● **EXERCISE REQUIREMENTS**: Every line below that holds the string "Apartments" should be copied out.

───── MATERIAL TO PROCESS ─────

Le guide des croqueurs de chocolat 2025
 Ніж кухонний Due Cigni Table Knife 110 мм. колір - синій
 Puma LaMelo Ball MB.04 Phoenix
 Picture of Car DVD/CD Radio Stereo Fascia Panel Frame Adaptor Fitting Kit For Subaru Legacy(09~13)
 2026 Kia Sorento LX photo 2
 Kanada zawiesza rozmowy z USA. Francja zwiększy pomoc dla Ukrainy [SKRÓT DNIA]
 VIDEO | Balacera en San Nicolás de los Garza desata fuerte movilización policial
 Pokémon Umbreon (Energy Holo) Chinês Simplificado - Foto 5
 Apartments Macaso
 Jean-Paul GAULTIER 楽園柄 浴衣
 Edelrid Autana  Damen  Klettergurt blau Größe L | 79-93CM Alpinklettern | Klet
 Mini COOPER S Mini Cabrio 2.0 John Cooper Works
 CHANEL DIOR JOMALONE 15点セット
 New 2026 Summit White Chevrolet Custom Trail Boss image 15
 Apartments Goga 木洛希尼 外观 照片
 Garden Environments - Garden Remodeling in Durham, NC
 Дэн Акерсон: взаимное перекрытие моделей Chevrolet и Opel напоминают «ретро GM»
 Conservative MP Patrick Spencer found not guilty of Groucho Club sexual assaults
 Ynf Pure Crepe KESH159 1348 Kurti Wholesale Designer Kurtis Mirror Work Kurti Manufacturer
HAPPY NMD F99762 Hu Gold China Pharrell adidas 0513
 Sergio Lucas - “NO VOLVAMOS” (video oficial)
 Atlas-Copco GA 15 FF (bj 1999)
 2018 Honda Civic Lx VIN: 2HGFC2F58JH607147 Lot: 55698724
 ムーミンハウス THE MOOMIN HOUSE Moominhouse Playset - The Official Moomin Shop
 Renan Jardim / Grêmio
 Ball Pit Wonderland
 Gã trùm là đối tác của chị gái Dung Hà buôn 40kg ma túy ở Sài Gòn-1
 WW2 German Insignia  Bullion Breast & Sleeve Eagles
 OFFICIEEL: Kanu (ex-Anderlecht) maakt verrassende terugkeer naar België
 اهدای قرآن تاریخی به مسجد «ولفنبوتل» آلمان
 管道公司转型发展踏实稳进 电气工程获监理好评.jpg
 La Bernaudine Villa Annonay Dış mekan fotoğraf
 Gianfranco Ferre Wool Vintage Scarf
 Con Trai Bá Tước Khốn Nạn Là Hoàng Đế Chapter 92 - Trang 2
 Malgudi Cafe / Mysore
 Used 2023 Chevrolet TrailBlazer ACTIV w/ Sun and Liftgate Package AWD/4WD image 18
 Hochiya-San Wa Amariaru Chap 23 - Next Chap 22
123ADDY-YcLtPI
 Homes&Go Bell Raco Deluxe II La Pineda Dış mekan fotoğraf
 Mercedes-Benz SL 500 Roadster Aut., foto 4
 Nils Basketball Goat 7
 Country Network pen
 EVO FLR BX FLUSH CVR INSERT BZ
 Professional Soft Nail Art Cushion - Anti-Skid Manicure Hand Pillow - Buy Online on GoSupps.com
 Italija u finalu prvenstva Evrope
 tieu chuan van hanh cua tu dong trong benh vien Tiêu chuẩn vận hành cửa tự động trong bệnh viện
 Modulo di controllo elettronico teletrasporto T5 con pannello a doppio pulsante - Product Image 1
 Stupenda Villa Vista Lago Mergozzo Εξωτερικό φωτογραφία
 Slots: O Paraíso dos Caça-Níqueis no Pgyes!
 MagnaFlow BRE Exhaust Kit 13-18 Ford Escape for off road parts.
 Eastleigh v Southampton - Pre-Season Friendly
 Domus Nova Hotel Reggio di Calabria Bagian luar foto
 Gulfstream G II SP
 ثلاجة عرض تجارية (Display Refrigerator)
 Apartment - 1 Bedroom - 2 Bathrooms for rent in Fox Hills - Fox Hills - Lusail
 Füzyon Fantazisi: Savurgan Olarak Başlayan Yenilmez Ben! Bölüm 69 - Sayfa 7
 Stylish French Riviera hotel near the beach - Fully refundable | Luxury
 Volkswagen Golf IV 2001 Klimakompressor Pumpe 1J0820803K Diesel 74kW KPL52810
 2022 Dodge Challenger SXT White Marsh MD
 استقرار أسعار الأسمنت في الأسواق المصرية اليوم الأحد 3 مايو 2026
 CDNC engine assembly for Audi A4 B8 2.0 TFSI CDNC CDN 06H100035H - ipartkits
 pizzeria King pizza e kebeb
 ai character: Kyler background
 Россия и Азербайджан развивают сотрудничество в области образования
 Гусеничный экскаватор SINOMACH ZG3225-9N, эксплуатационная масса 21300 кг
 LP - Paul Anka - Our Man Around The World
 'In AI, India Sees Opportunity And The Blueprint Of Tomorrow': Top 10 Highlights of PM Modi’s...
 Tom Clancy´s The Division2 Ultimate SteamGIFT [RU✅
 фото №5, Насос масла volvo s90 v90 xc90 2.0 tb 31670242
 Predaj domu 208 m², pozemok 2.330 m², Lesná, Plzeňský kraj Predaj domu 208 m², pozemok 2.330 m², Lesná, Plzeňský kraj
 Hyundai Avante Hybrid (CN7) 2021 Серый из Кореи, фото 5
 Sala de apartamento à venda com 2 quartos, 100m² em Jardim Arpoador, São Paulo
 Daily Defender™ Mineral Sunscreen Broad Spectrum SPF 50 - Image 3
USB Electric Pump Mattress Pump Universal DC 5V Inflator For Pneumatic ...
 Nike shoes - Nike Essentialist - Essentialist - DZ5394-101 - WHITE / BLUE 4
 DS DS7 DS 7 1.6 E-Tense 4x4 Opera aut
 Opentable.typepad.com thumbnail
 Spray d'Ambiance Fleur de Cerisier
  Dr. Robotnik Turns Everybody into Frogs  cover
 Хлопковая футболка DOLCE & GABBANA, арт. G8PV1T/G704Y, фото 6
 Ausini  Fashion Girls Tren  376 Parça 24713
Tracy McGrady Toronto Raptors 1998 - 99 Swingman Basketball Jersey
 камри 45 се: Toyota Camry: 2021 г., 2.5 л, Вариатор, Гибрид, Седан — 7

─────

● **WRITTEN ANSWER**:
 Apartments Macaso
 Apartments Goga 木洛希尼 外观 照片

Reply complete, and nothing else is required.